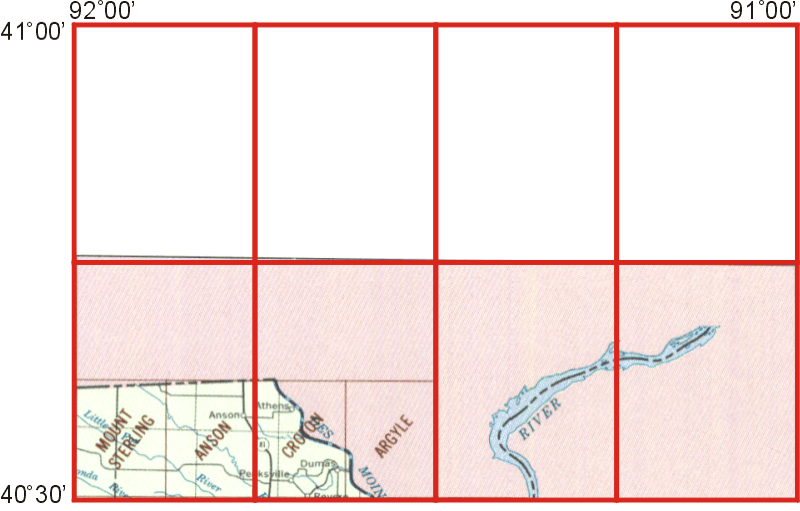 Burlington, Missouri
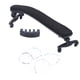 thumbnail image 1 of Kit de Piezas de Violin ANGGREK 3 En 1 Juego Completo de Accesorios Para Principiantes, 1 of 8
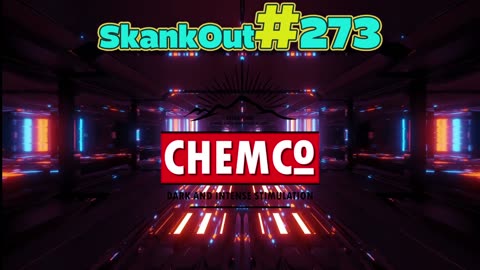 SkankOut#273 is live!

DIRECTIONS: Write the material above out again exactly as it reads, but don't carry over the pictures.

TASK ANSWER:
 Burlington, Missouri
 thumbnail image 1 of Kit de Piezas de Violin ANGGREK 3 En 1 Juego Completo de Accesorios Para Principiantes, 1 of 8
 SkankOut#273 is live!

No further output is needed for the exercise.